Plusieurs fois, en lisant vos messages où la Suisse est mentionnée (je ne suis pas allé les rechercher, paresse oblige…), j'ai été heurté par votre jugement à l'emporte-pièce et beaucoup trop général où bon et mauvais se trouvent confondus, où – bien plutôt – le mal offusque et occulte le bien. J'ai réagi par sentiment de justice envers nos clergés (prêtres et évêques) valaisan, fribourgeois et genevois, mais également par sentiment de correction pour vos liseurs – n'y voyez, je vous en prie, nulle prétention ni hauteur ou arrogance: ils doivent simplement être aussi informés que, dans l'obscurité des temps, les îlots de lumière existent qui sont autant de motifs d'espérance.
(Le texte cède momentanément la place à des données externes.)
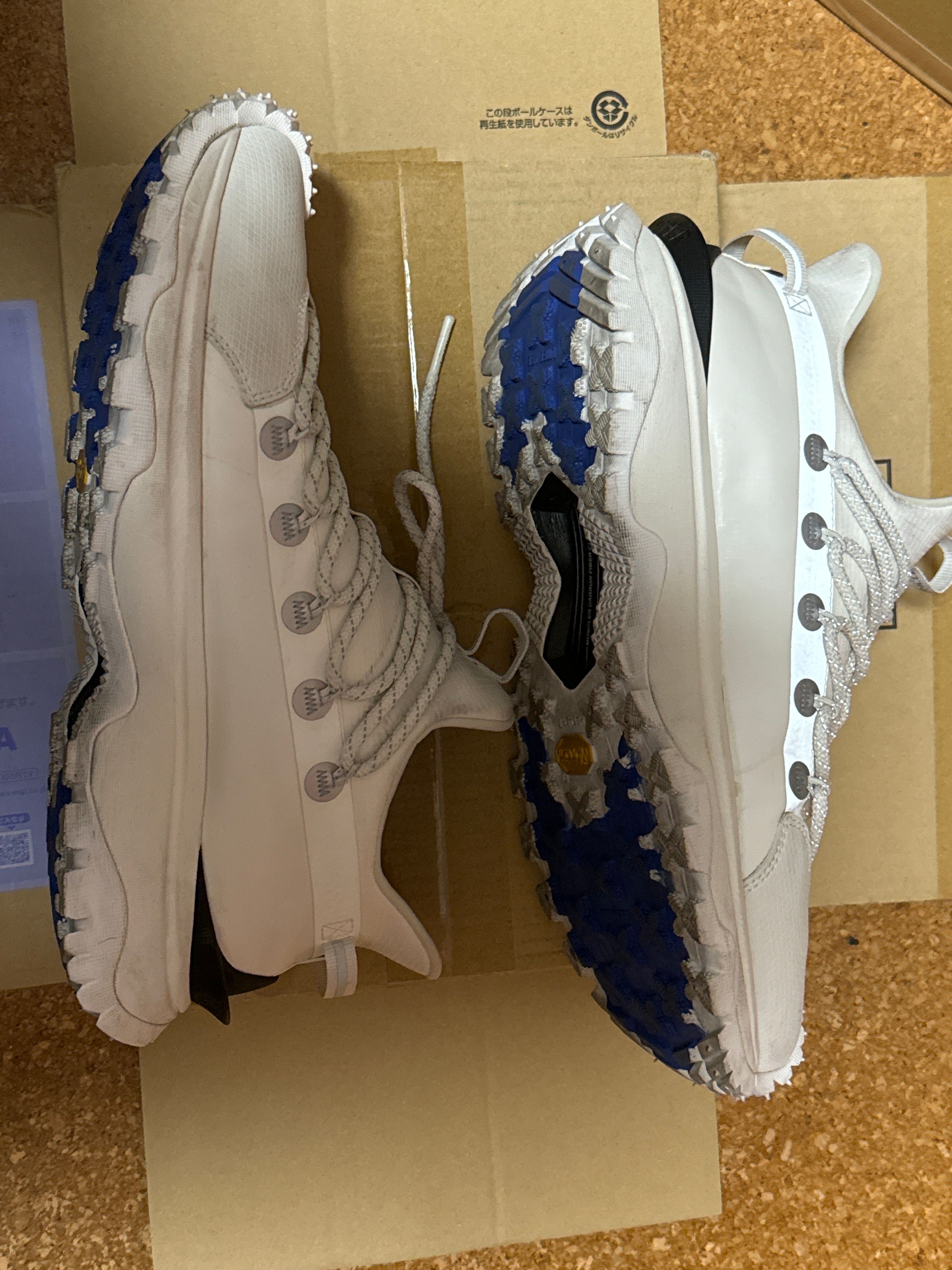 モンクレール × エンド ウィメンズ トレイルグリップ アプレ ハイ スノー ブーツ "オフ ホワイト"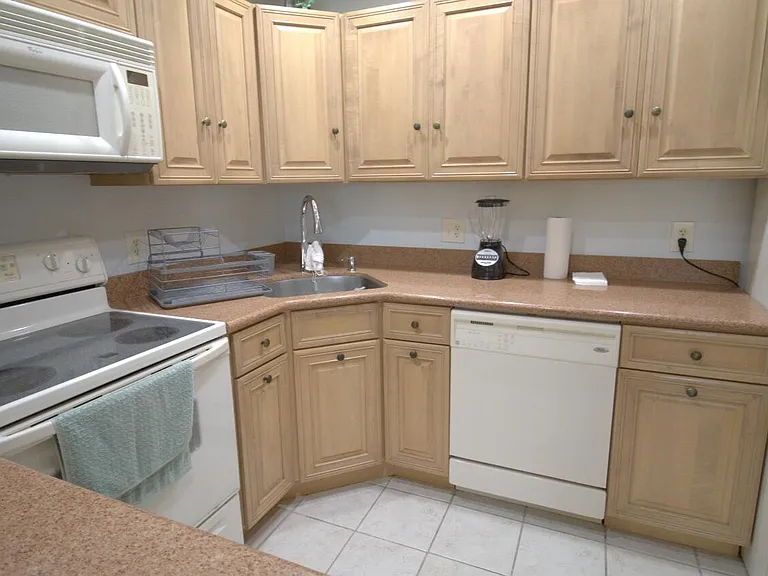 3561 Pine Needle Dr #D-2 — Photo 5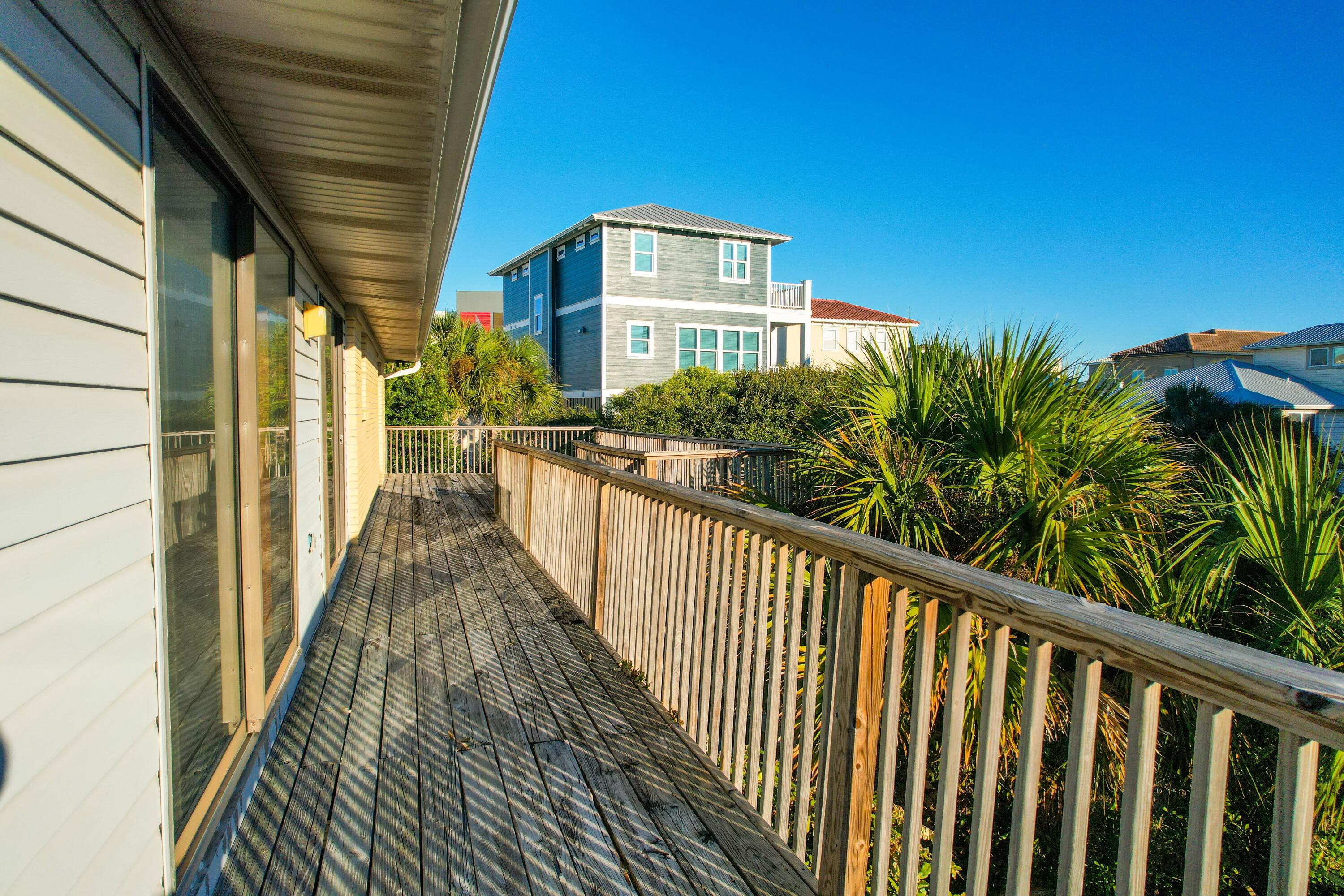 SANDPIPER BEACH COLONY UNREC - Residential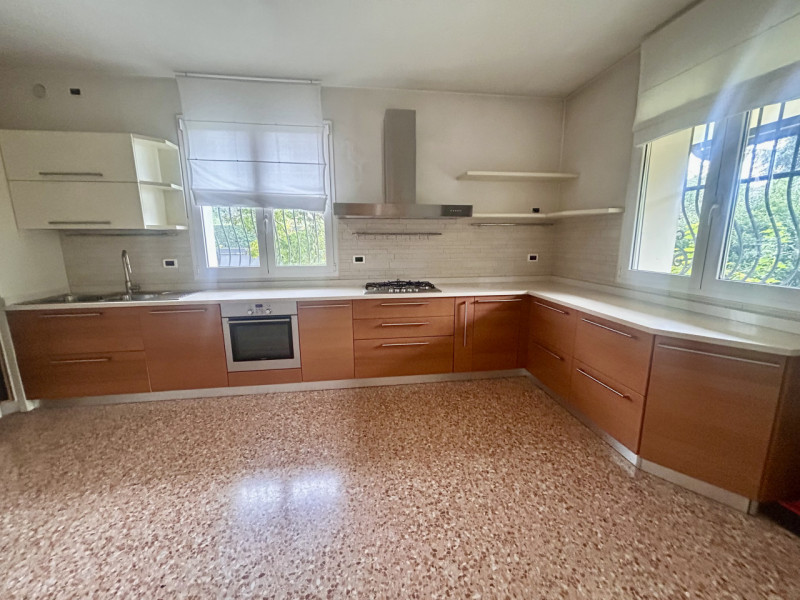 Padova zona San Carlo Nicoletta Dardilli di AD Casa Padova propine in vendita villa singola con s...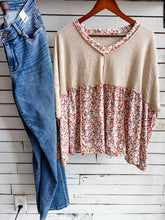 Load image into Gallery viewer, Oatmeal Coral Floral Knit Top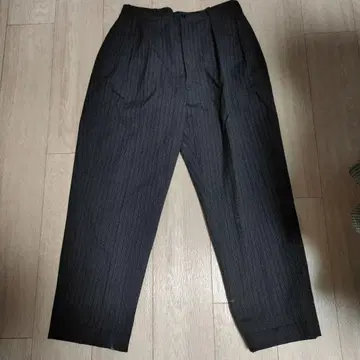 다크 그레이 스트라이프 슬랙스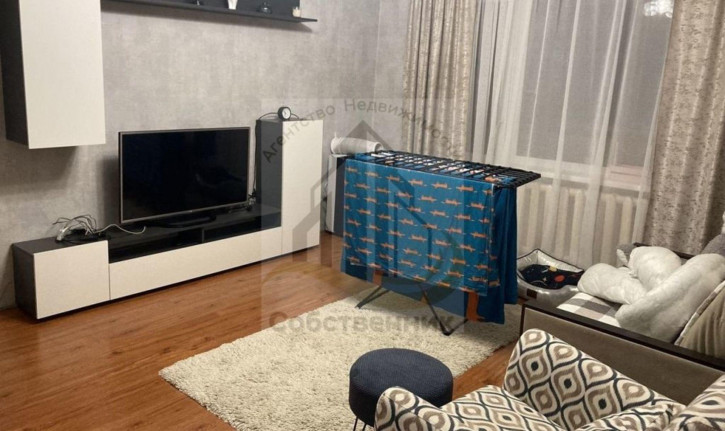 2-комн квартира Домостроителей ул, 37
Quand vous affirmez que «la Suisse francophone […] est certes dans un moindre état de dégradation», je trouve le terme de ‘dégradation’ parfaitement inadéquat pour décrire la réalité que je constate en semaine ou le dimanche – je fréquente huit paroisses genevoises et, du fait de mes relations familiales, participe également plusieurs fois par année à des messes en Valais et à Fribourg: je n'ai assisté nulle part à des liturgies (homélies comprises) qui mériteraient le qualificatif de «dégradées» et vos liseurs doivent en être informés. Il faut pouvoir dire ce qui est motif d'espérance et d'encouragement, j'espère que vous en conviendrez: la dépression n'est tout de même pas un remède!
A la Toussaint, j'étais à Sion, au cimetière, et je peux vous dire que les paroles de Mgr Lovey étaient fortes, justes, profondes et faisaient oublier aux présents la pluie qui tombait.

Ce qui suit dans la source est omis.